◆ **Task**: Your task is to print, exactly and only, the lines from the start of the entries below through the line with "Feel free to". Include both ends, but skip the pictures.

◆ **The data**:
[Start of section]

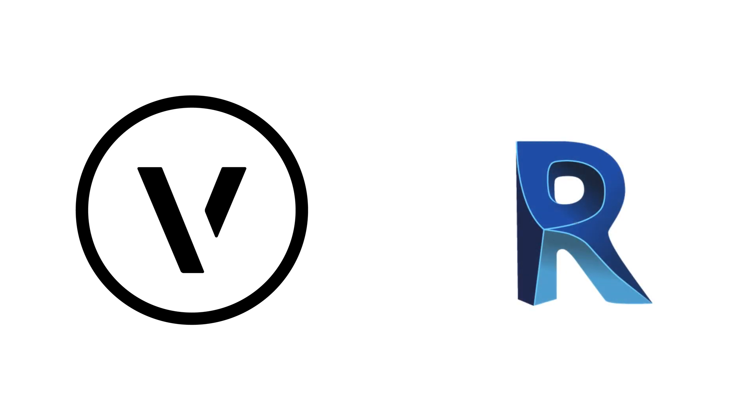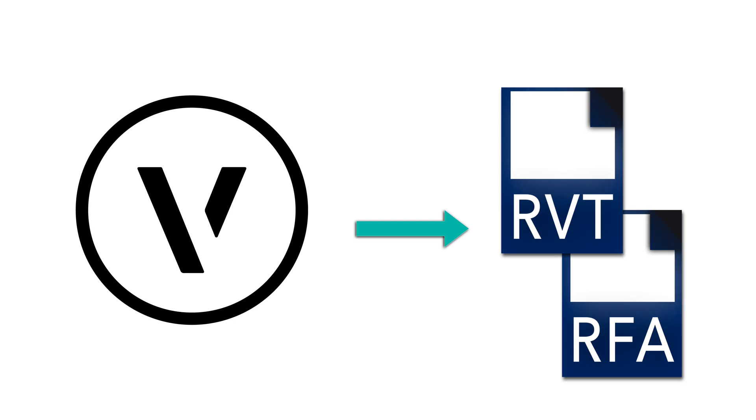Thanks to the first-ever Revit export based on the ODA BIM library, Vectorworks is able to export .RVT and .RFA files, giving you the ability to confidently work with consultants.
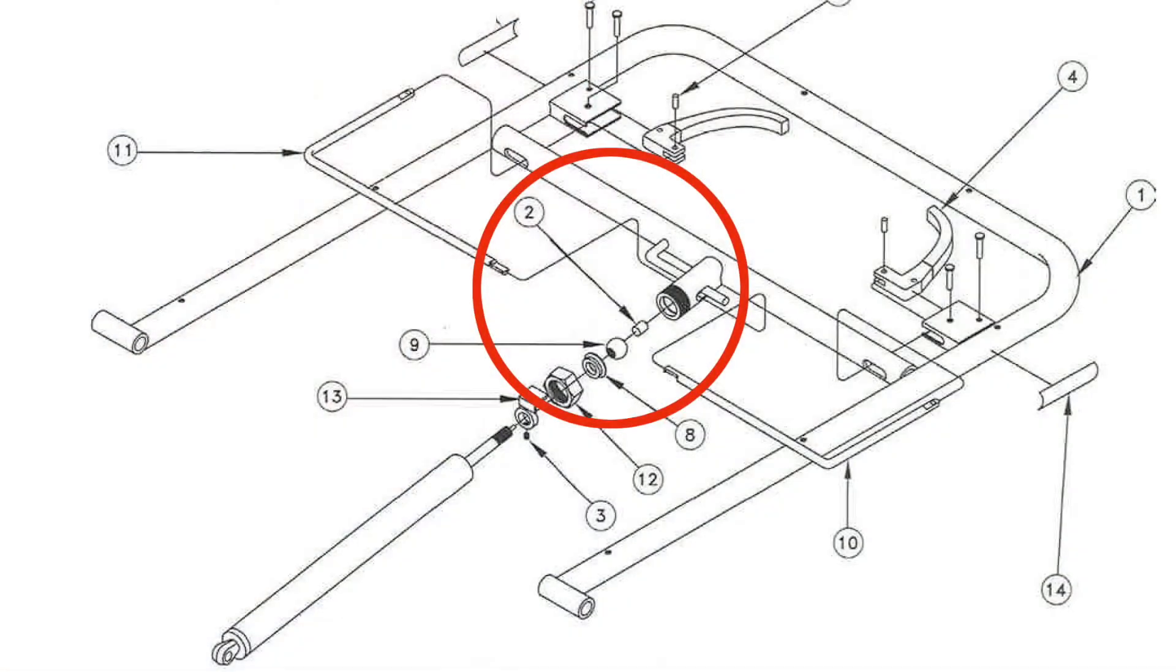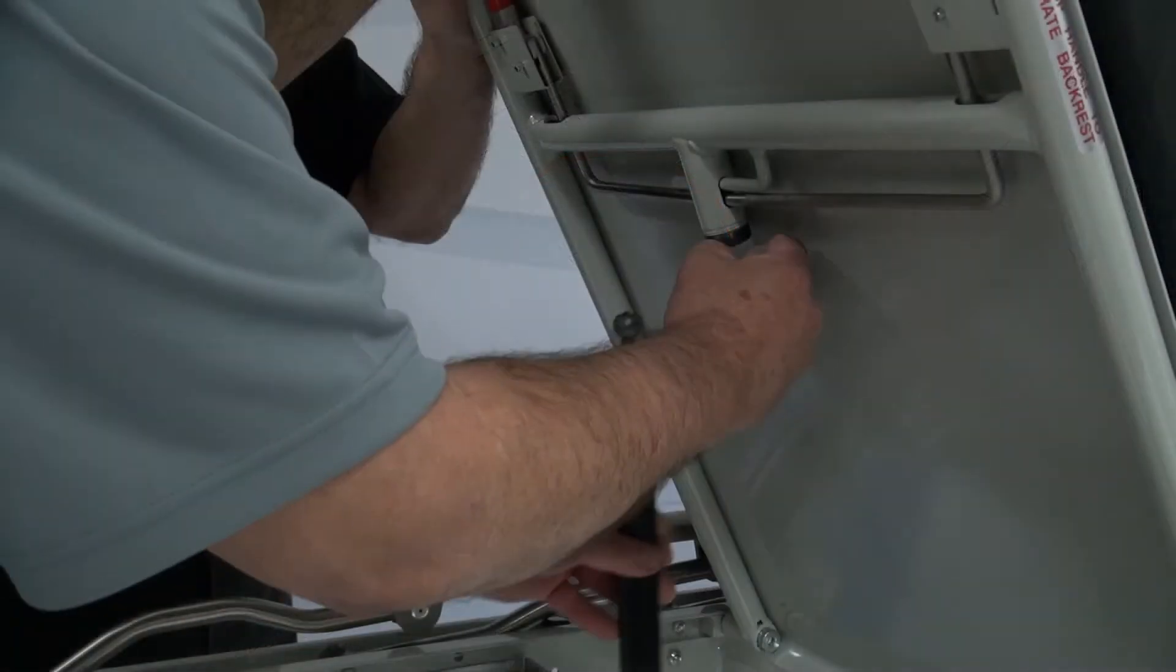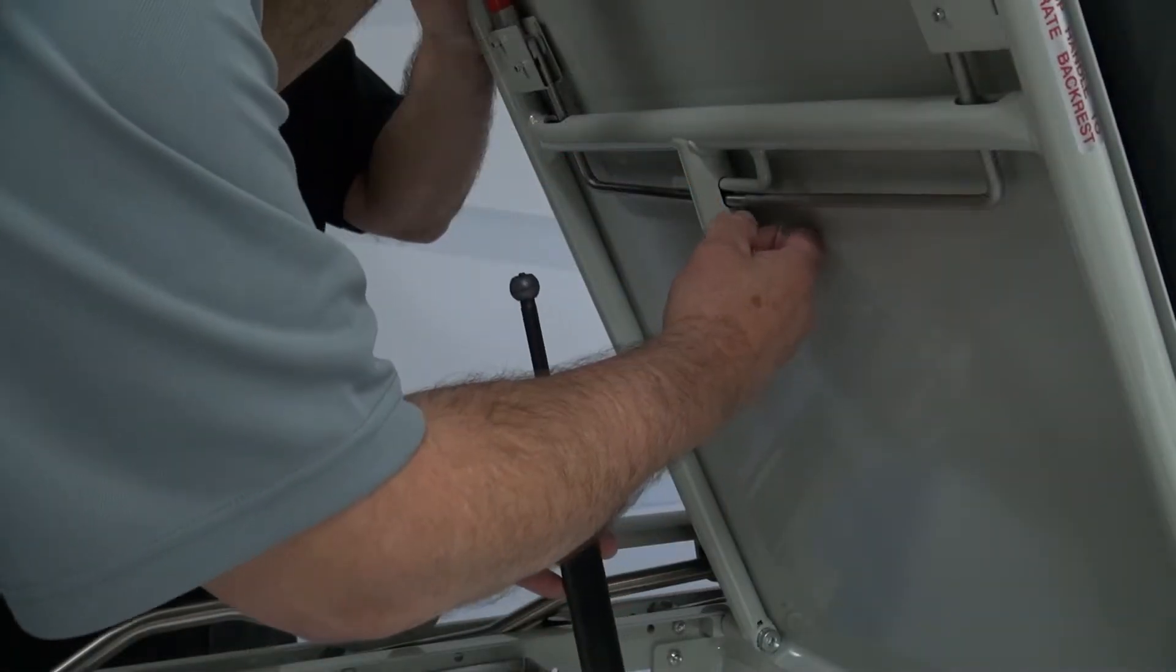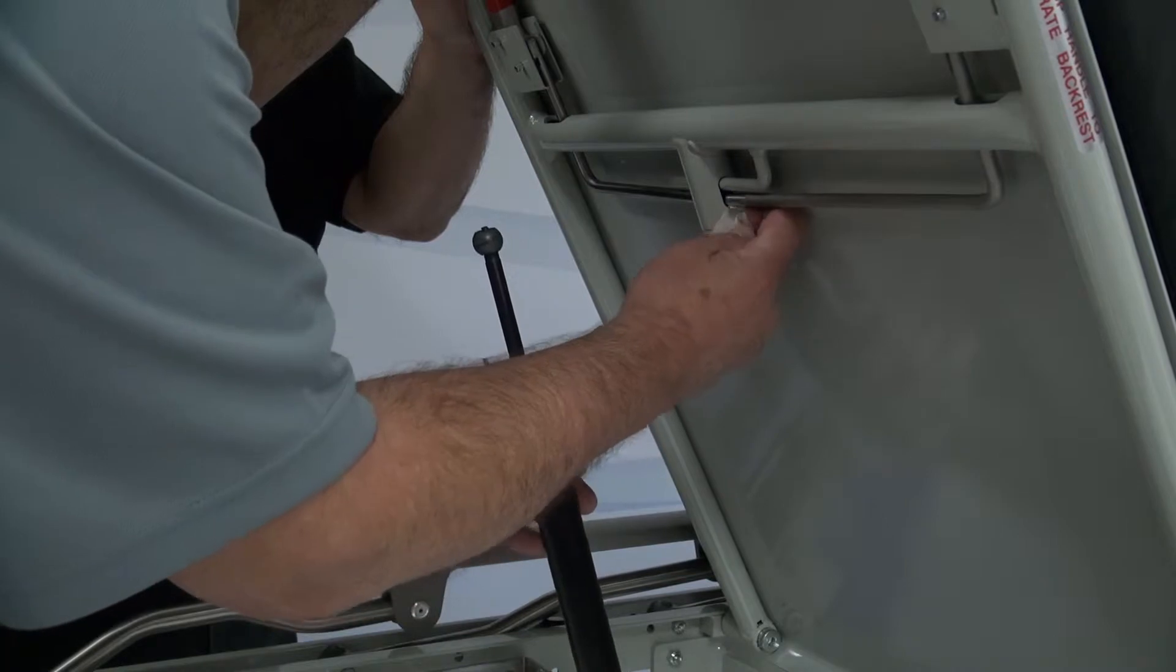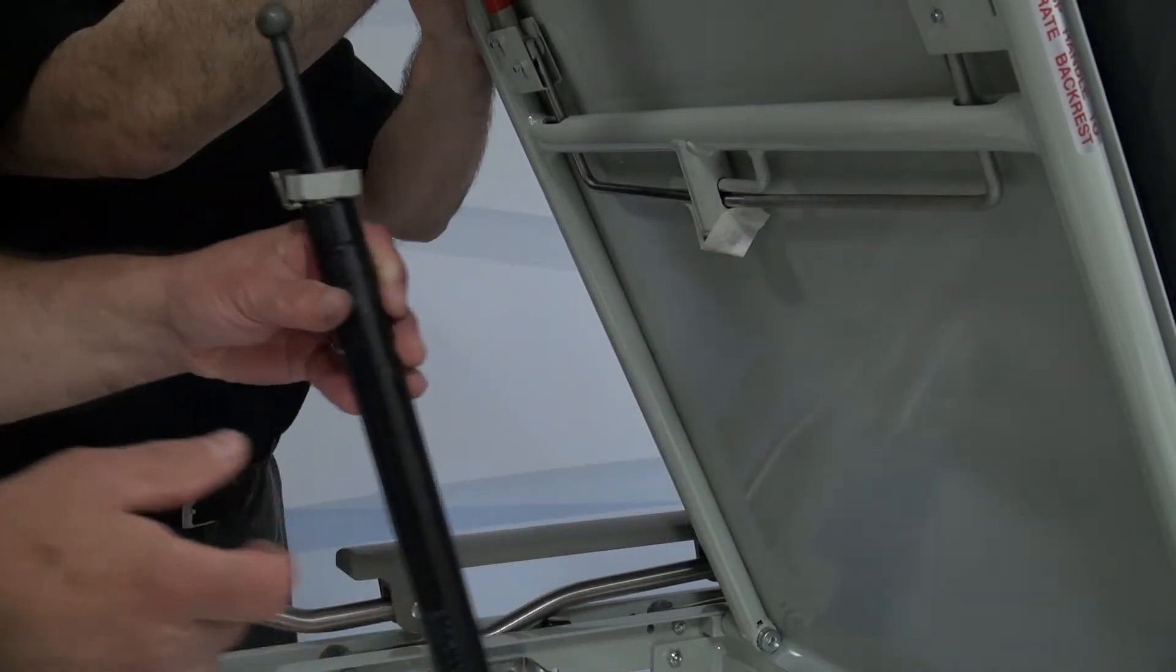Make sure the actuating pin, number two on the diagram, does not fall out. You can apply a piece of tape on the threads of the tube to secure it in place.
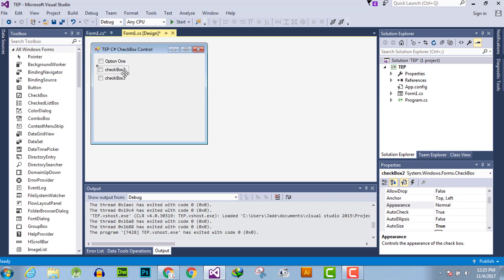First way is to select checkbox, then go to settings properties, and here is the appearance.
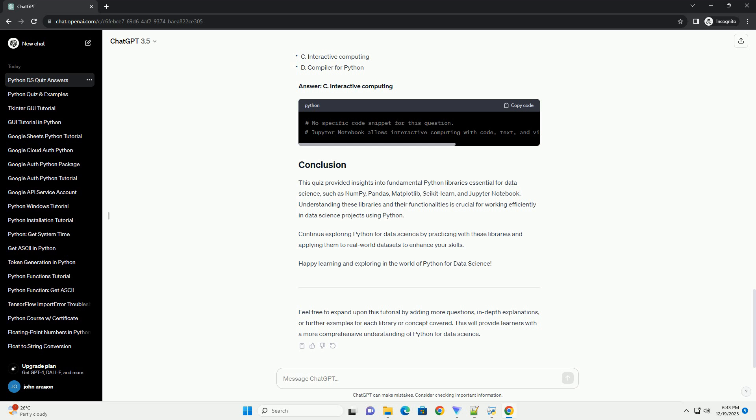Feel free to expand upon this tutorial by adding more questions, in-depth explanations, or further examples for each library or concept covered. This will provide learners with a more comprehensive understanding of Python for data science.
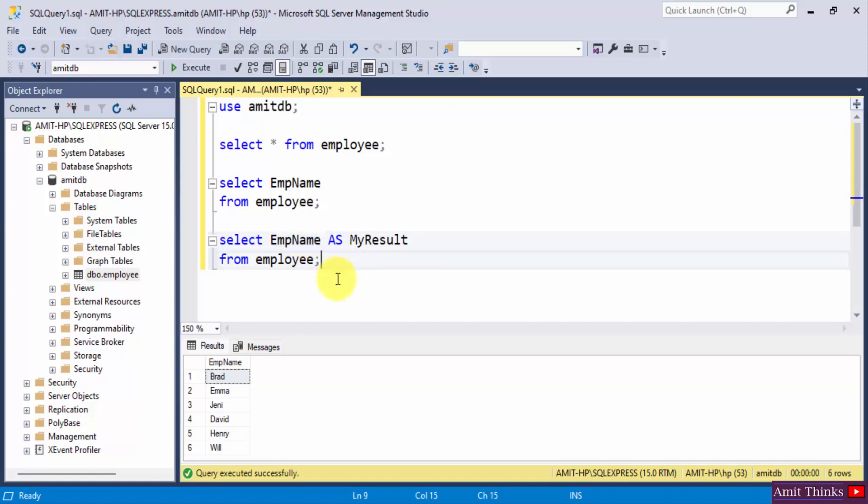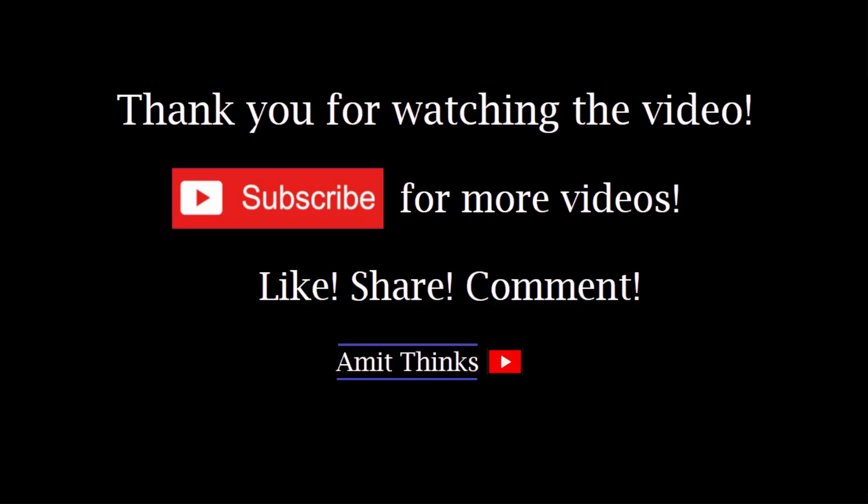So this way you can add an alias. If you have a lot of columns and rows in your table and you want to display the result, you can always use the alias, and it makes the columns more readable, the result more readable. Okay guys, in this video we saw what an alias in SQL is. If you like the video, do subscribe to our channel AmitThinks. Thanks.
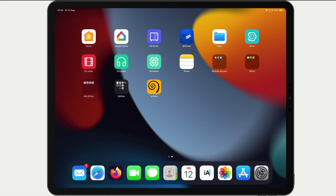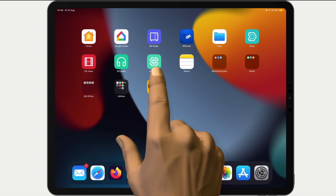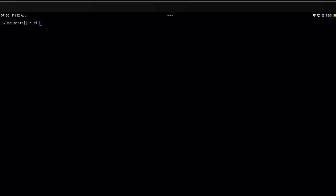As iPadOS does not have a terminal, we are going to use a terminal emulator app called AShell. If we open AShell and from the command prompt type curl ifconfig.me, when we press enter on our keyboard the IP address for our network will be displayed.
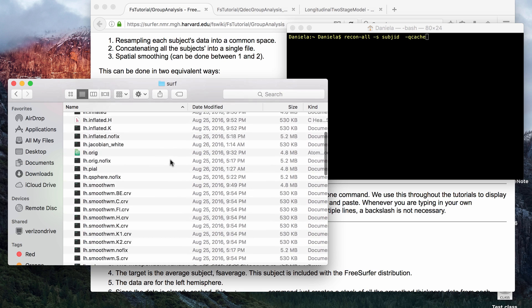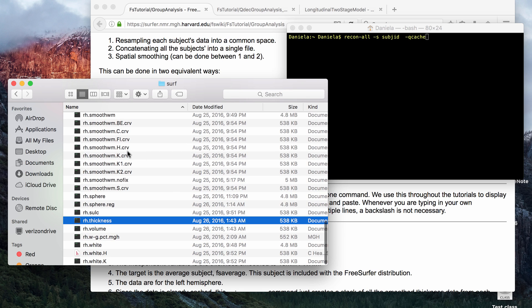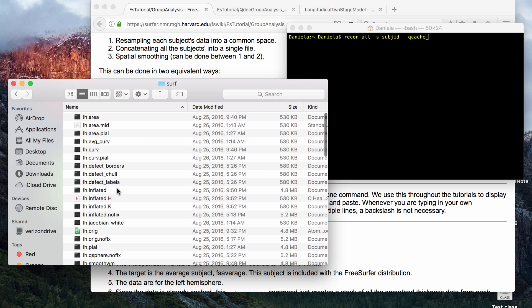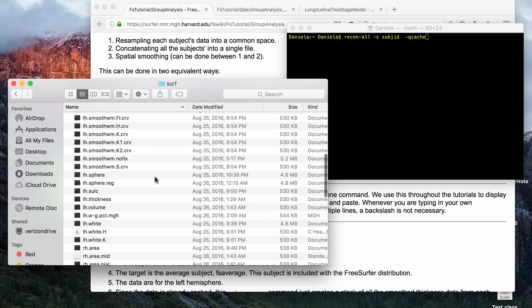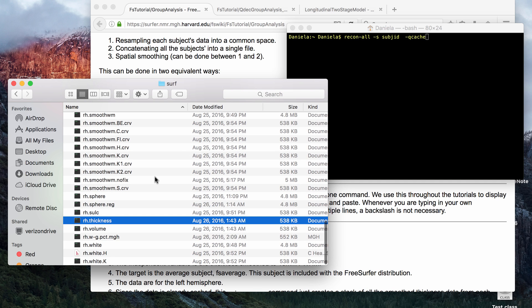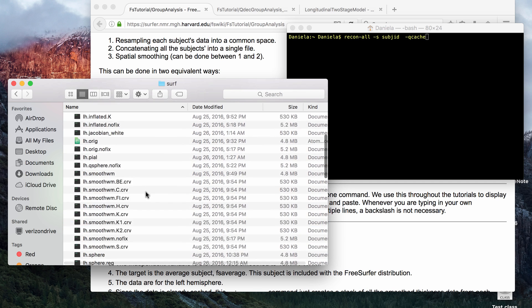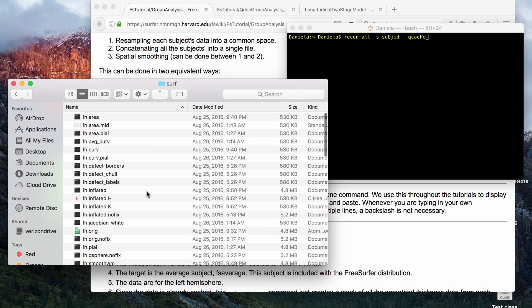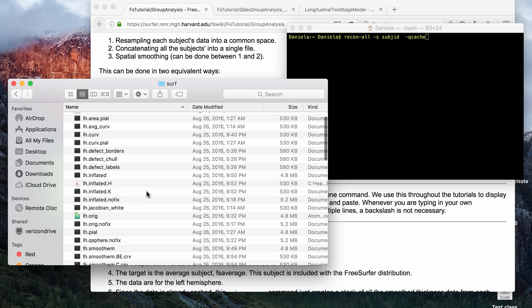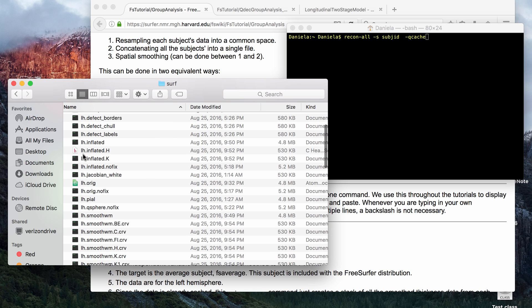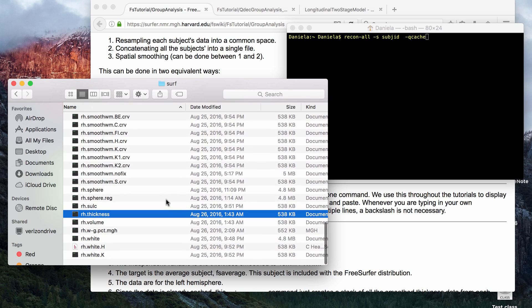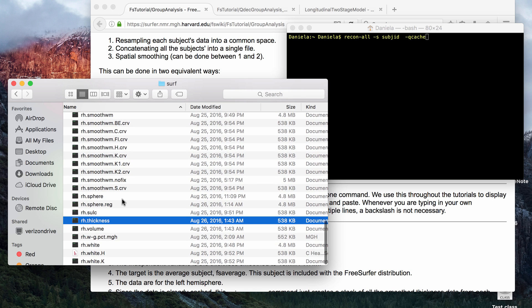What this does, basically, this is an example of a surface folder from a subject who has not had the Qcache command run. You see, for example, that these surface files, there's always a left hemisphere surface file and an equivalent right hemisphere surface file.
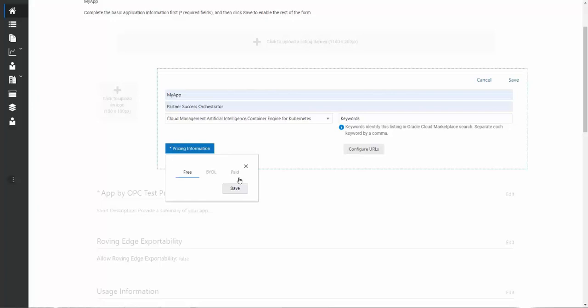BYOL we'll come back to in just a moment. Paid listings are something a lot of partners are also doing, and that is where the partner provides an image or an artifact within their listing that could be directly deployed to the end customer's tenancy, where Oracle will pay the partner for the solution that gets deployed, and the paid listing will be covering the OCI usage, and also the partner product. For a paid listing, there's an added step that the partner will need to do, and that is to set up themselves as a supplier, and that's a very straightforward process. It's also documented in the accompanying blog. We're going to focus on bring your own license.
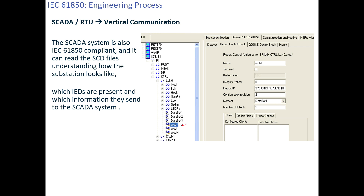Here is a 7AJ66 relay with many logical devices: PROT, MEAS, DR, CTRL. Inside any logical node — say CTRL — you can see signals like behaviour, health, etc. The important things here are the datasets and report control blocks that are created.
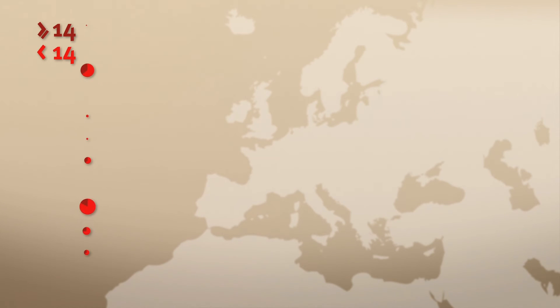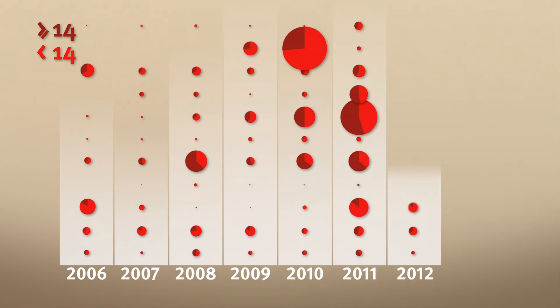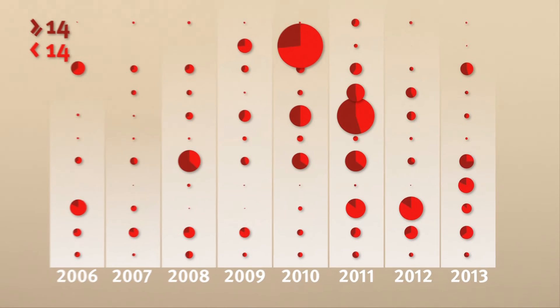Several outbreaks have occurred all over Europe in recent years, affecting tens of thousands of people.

[End of section]

◆ **Task answer**:
Thanks to the first-ever Revit export based on the ODA BIM library, Vectorworks is able to export .RVT and .RFA files, giving you the ability to confidently work with consultants.
Make sure the actuating pin, number two on the diagram, does not fall out. You can apply a piece of tape on the threads of the tube to secure it in place.
First way is to select checkbox, then go to settings properties, and here is the appearance.
Feel free to expand upon this tutorial by adding more questions, in-depth explanations, or further examples for each library or concept covered. This will provide learners with a more comprehensive understanding of Python for data science.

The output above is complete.